# Did Verstranz get thier transfers fixed?



## GN (Aug 1, 2011)

I read a thread that was from 2010 in which it seemed many customers were having problems with Verstranz EPT custom transfers. It is now 2012, is VErstranz EPT great quality? (yes I realize "great" is subjective) Has anyone used Versatranz EPT lately?


----------



## GN (Aug 1, 2011)

anyone? ...


----------



## ordenta (Sep 28, 2010)

I use them and have had no problems. When I originally searched this forum for recommendations on who to use to make my transfers, everything I read said they are excellent quality and great prices. I never saw any topics regarding there being any problems with them. 

Sent from my Galaxy Nexus using T-Shirt Forums


----------



## wormil (Jan 7, 2008)

I remember a few posts of people having issues but in general I believe they are highly regarded.

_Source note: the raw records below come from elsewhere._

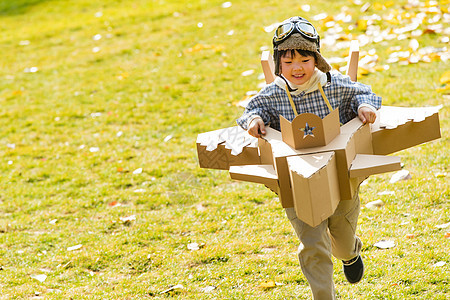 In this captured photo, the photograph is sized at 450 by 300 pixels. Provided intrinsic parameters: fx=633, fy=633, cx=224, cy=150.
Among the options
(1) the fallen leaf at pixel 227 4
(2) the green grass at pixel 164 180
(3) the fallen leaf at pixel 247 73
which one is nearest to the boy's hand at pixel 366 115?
(2) the green grass at pixel 164 180

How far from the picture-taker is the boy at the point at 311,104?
9.97 feet

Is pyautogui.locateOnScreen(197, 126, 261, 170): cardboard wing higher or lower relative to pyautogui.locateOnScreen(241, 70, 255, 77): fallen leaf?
higher

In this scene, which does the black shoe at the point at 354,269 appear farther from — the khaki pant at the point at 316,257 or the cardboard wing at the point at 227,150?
the cardboard wing at the point at 227,150

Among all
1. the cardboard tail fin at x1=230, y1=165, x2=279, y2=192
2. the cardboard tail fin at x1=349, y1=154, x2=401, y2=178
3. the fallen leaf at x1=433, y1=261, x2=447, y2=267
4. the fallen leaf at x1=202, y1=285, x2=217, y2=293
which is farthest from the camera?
the fallen leaf at x1=202, y1=285, x2=217, y2=293

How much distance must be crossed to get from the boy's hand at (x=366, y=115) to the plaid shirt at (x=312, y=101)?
0.35 feet

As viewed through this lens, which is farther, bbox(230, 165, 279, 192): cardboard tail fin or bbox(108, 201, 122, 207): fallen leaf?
bbox(108, 201, 122, 207): fallen leaf

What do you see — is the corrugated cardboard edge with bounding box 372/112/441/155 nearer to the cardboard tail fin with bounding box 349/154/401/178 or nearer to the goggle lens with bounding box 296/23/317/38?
the cardboard tail fin with bounding box 349/154/401/178

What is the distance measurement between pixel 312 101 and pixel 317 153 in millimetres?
560

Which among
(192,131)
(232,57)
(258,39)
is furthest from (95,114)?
(258,39)

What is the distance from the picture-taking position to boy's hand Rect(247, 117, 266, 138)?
3066 mm

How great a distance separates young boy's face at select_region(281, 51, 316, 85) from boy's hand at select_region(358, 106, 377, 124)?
12.8 inches

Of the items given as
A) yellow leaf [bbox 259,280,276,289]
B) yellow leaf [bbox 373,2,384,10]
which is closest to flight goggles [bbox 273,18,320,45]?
yellow leaf [bbox 259,280,276,289]

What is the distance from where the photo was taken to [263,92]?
3305mm

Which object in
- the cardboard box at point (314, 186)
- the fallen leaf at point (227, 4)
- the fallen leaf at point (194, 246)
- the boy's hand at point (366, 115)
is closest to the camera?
the cardboard box at point (314, 186) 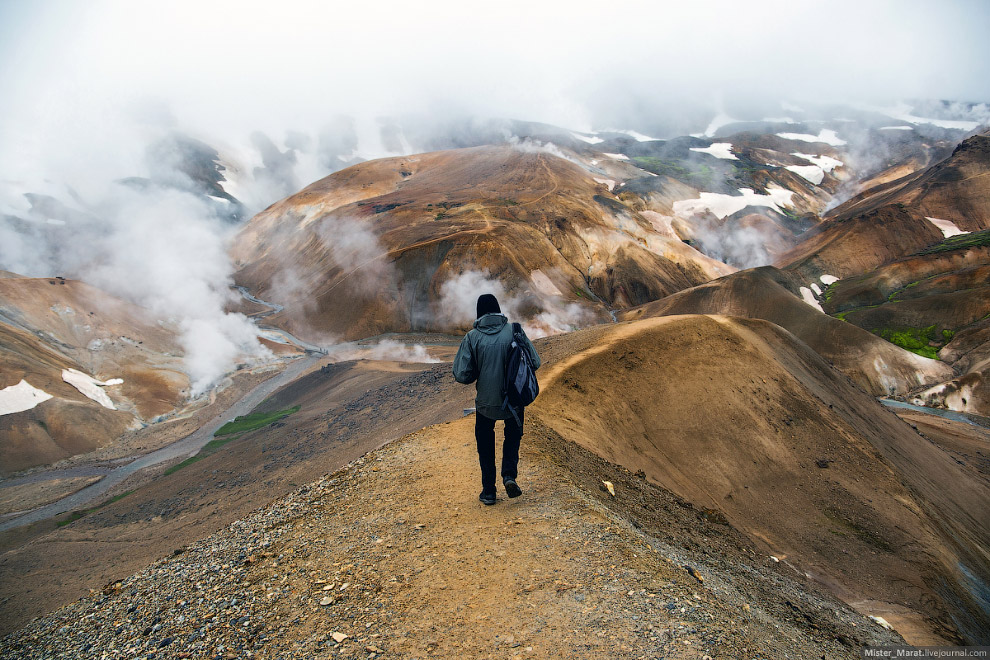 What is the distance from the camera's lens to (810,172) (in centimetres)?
14325

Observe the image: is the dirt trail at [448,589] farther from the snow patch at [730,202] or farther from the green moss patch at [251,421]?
the snow patch at [730,202]

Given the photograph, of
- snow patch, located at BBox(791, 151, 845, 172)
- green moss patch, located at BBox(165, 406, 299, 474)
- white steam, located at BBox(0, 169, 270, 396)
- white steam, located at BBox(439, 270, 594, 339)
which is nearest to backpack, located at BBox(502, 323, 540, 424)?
green moss patch, located at BBox(165, 406, 299, 474)

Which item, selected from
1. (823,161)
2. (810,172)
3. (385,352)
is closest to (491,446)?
(385,352)

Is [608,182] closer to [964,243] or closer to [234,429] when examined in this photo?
[964,243]

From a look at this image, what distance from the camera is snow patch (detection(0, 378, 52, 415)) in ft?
96.9

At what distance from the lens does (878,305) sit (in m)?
52.2

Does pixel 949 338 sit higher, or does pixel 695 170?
pixel 695 170

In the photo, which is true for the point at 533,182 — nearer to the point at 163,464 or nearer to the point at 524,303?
the point at 524,303

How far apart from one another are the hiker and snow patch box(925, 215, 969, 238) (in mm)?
90380

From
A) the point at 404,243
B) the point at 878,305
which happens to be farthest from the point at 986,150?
the point at 404,243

I haven't used them because they are very expensive.


----------



## Git-Bit (Oct 23, 2009)

I use them every week and have had 0 problems....I can honestly say in the last 3 years i"ve probably ordered 20,000 plus transfers from them and had maybe 10-15 transfers that where unusable for one reason or the other, but you generally always get a few extras with the order that make up for any misprints that get in with an order which is very rare.....I have had no customer complaints and I see kids all the time wearing event shirts I did 2 years ago and the shirts still look great......I would not hesitate to recommend them to anyone....I wish they where closer to me  Good Luck!!

Xcellent Graphics


----------